An ion exchange resin is a resin that can cause ion exchange, and is used to remove or separate ions from a solution. When a cation exchange resin is used, the biogenic amine present as a cation in Scheme 1 can be selectively adsorbed and separated from the reaction solution. Since the amino acid, which is a substrate, is electrically neutral, it is not adsorbed to the ion exchange resin, but exists in the reaction solution and is continuously consumed in the reaction.

Carbon dioxide produced through the decarbonization reaction may exist as carbonic acid, bicarbonate, or carbonate in an aqueous solution, but is mostly gasified by hydration equilibrium. Since the solubility of carbon dioxide in water decreases at high temperature and low pressure, carbon dioxide produced in the aqueous phase is generally present in an extremely low concentration under the enzyme reaction conditions. Therefore, in an open reactor, carbon dioxide removal through gasification can be promoted through continuous gas exchange.

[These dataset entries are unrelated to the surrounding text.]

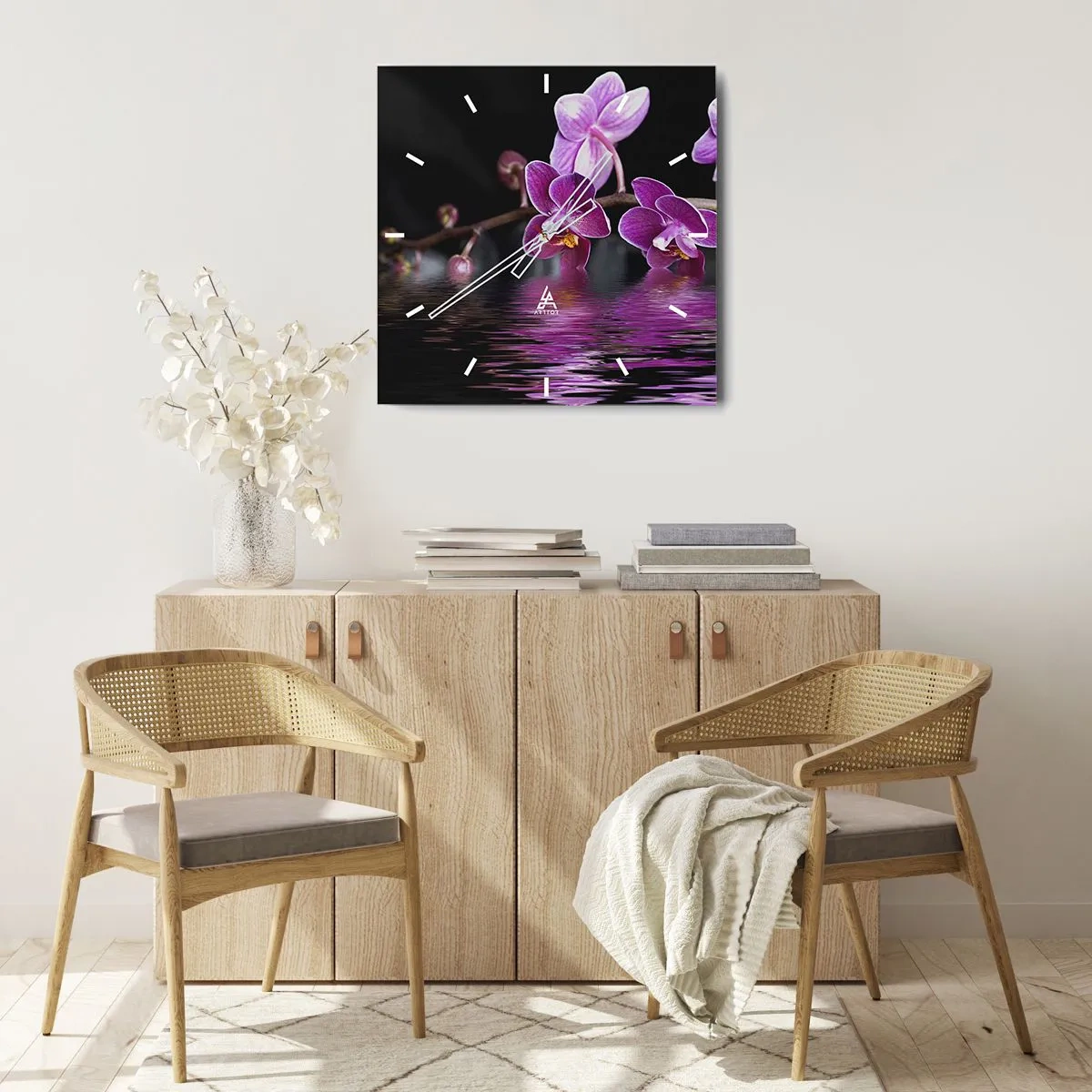 Orologio da parete - Orologio in Vetro - Orchidee viola su acqua calma su sfondo nero - 30x30cm - La bellezza riflessa dai gigli - Decorazione murale moderna per soggiorno e camera da letto ARTTOR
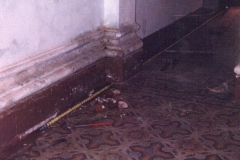 img023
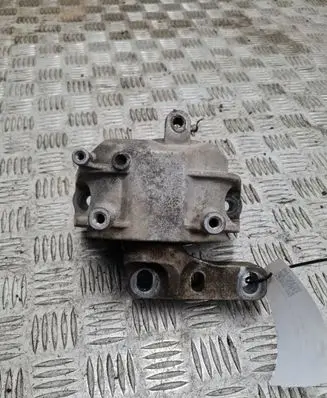 Skoda Octavia Mk2 (1Z) Engine mount bracket 1K0199262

Therefore, the amine and carbon dioxide are continuously separated from the reaction solution at the same time as they are generated by the ion exchange resin and vaporization, and are present at a low concentration in the reaction solution, so the problem of inhibition of enzyme activity by the product of amino acid dicarboxylase can be solved.

The biogenic amine changes from cation to neutral when changing from neutral to basic conditions. Therefore, the biogenic amine adsorbed to the cation exchange resin can be easily desorbed from the cation exchange resin by increasing the pH of the solution. Therefore, it is possible to selectively separate and purify only the biogenic amine, which is a desired product, from the cation exchange resin separated from the reaction solution using this.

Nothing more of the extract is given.